The Tongan-born centre posted a message to his 173,000 Instagram followers on Wednesday, admitting his own problems and encouraging others in a similar position to seek help.
Fekitoa could not be immediately reached over why he had gone public on the issue, a course that blindsided his Auckland-based manager Bruce Sharrock.
Sharrock said he “did not control his social media”, and had not spoken to his player about the posting. He had no comment at this time “and there will be none either”.
When he did speak to Fekitoa “my first advice to Malakai is things that are personal, you keep them personal,” Sharrock said. Nor would the Highlanders comment, until they had spoken to Fekitoa, who trained with the team on Wednesday.

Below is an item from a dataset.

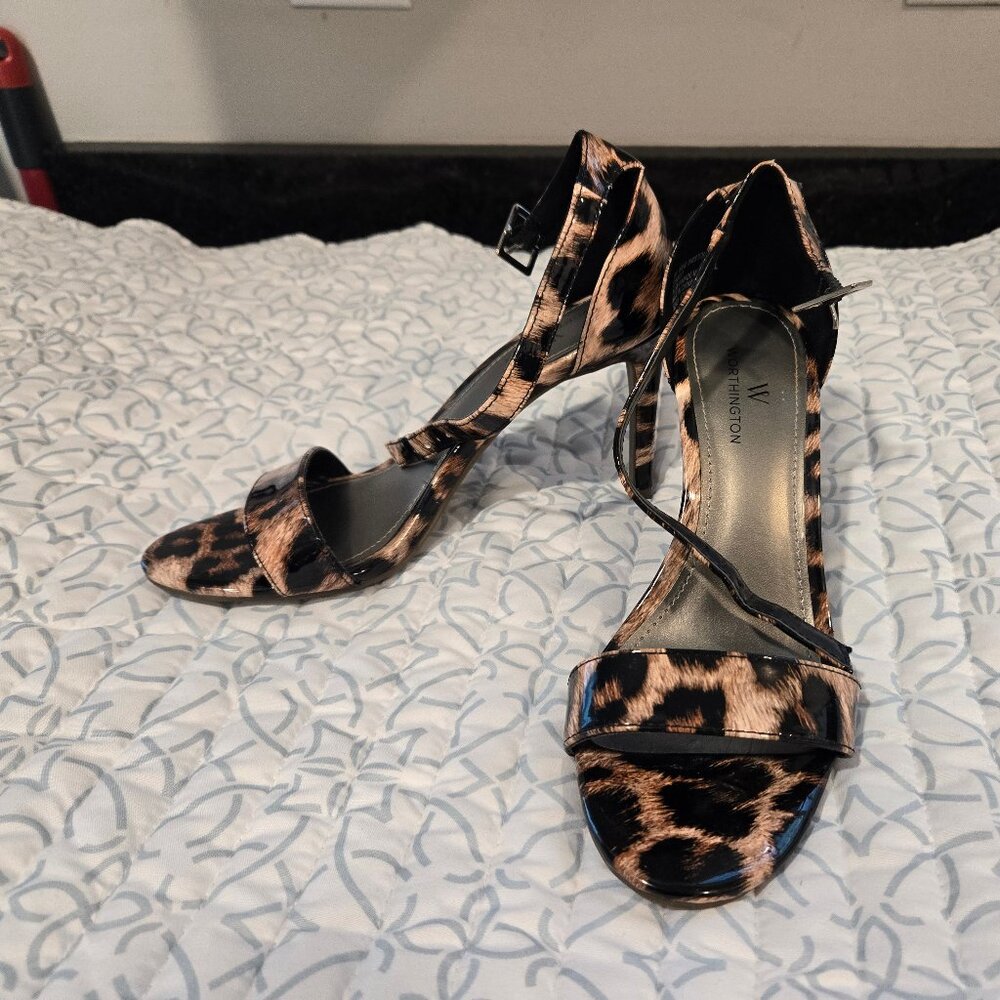 Worthington Patent Leopard Ankle Strap Sandal Heels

“I’ve got a huge problem with anger,” Fekitoa said. “I don’t handle some situation very well on and off the field. I get really angry sometimes and flip out so I would like to Apologies publicly to any of you if I ever said something really hurtful to you at home, on the field and through social media.
“I’m ashamed and regretful, Lesson learnt. I suggest that no matter how old you are or who you are. Whatever it is. You need to speak to someone about it. Your feelings and what’s inside you. Its never bad until it will cost you. #CallOutForHelp.”

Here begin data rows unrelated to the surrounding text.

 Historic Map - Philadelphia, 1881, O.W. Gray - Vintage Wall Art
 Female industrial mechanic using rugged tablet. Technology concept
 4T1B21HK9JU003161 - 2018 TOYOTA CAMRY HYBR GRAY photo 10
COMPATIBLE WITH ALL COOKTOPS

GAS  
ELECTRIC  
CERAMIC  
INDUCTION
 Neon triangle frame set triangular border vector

Fekitoa has been named to start at centre for the Highlanders in Thursday’s Super Rugby trial with the Crusaders in Waimumu, near Gore.

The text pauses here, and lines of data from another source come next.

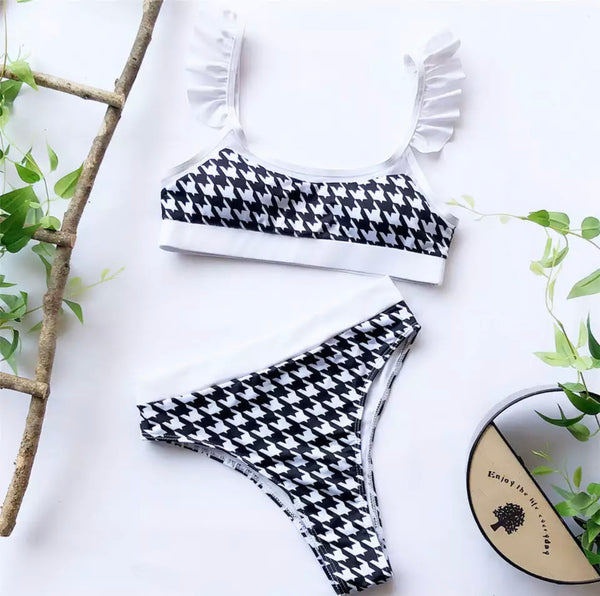 Plaid Houndstooth Ruffled High Waist Bikini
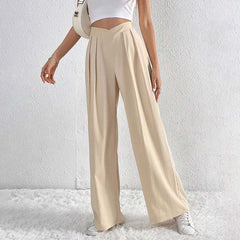 High-Waisted Beige Trousers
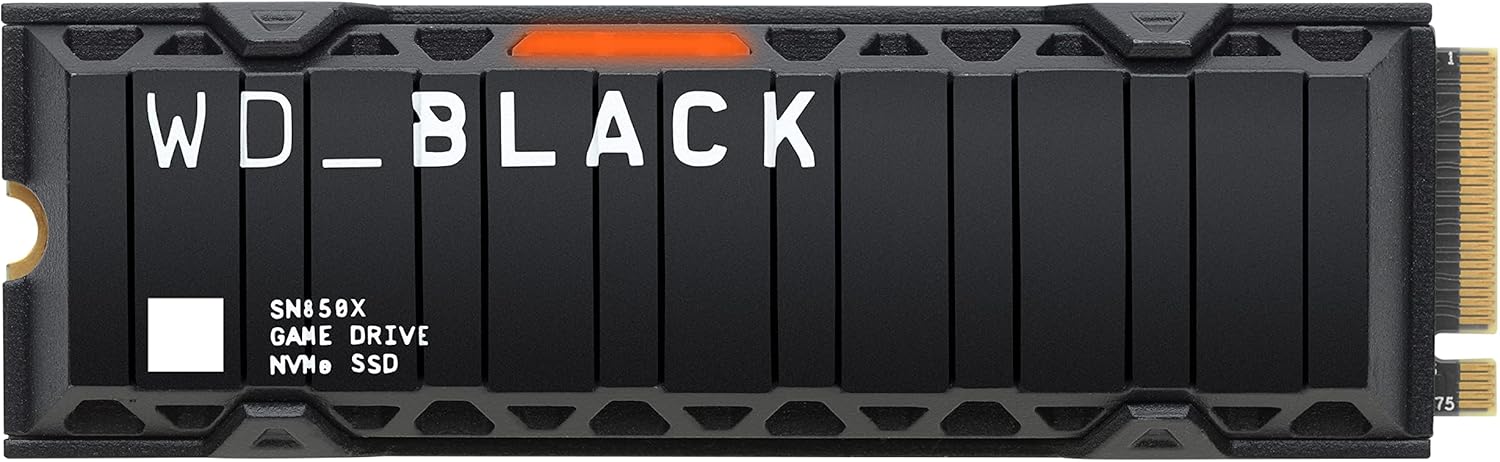 WD_BLACK 2TB SN850X NVMe Internal Gaming SSD Solid State Drive with Heatsink - Works with Playstation 5, Gen4 PCIe, M.2 2280, Up to 7,300 MB/s - WDS200T2XHE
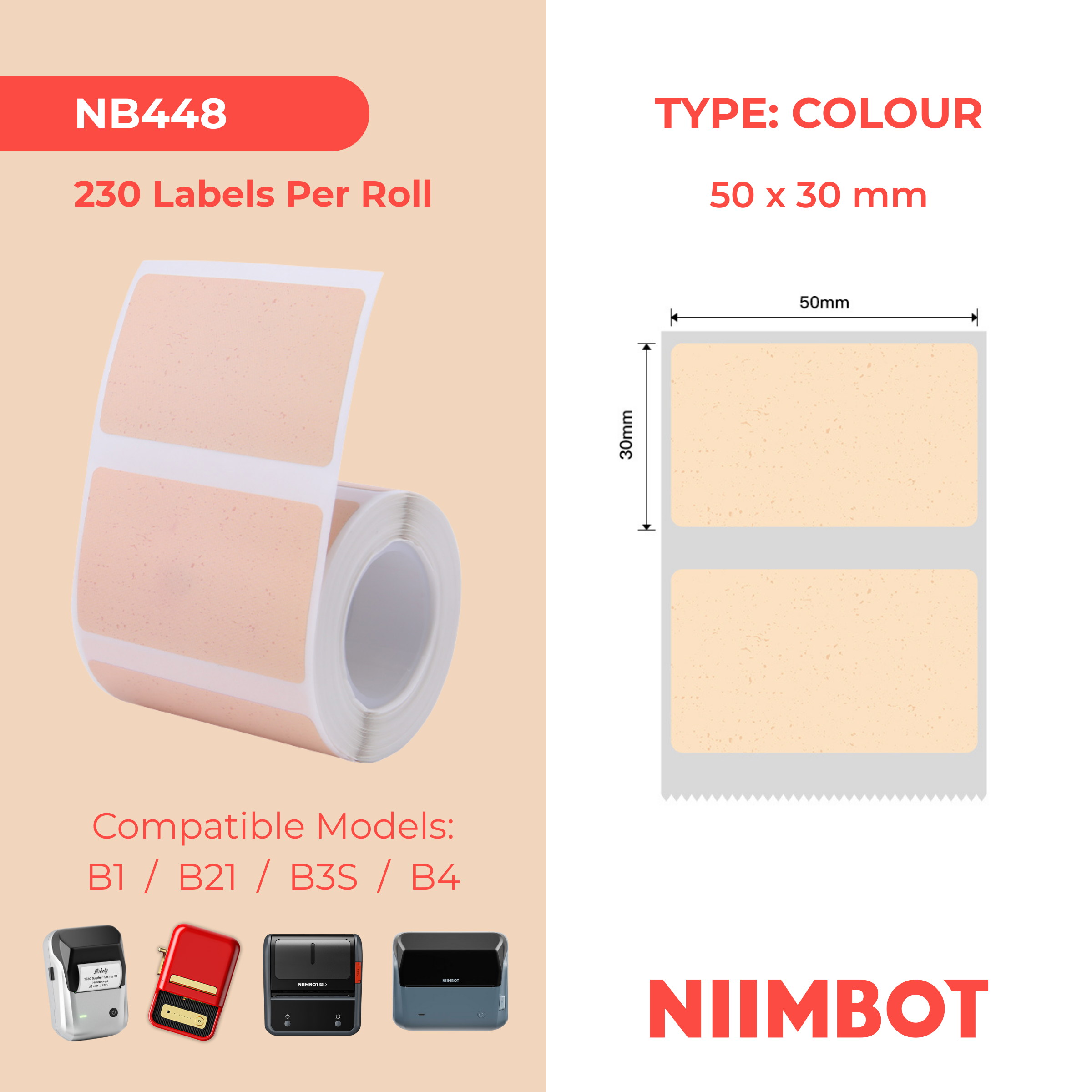 NB448 - NIIMBOT - B1 / B21 / B3S / B4 - 50X30MM - 230 THERMAL LABELS - CRAFT PAPER COLOUR DESIGN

His tweets have been largely upbeat and positive, celebrating his successes and those of his team-mates, recalling his humble beginnings.
Despite his admission, for which he gave no apparent reason for sharing, the 23-year-old has come a long way on and off the field since arriving in New Zealand aged 17 in 2009.
Brought up in a family of 15 children on Tonga’s sparsely populated Ha’apai Islands, Fekitoa regularly shared a house with more than 20 family members, but was just 14 when his father Eni died after a car crash.
All Blacks and Highlanders star Malakai Fekitoa has come clean over his anger management issues.
He could not speak any English when he came to Auckland on a rugby scholarship with Wesley College, after shining for the Tongan sevens team as a teenager.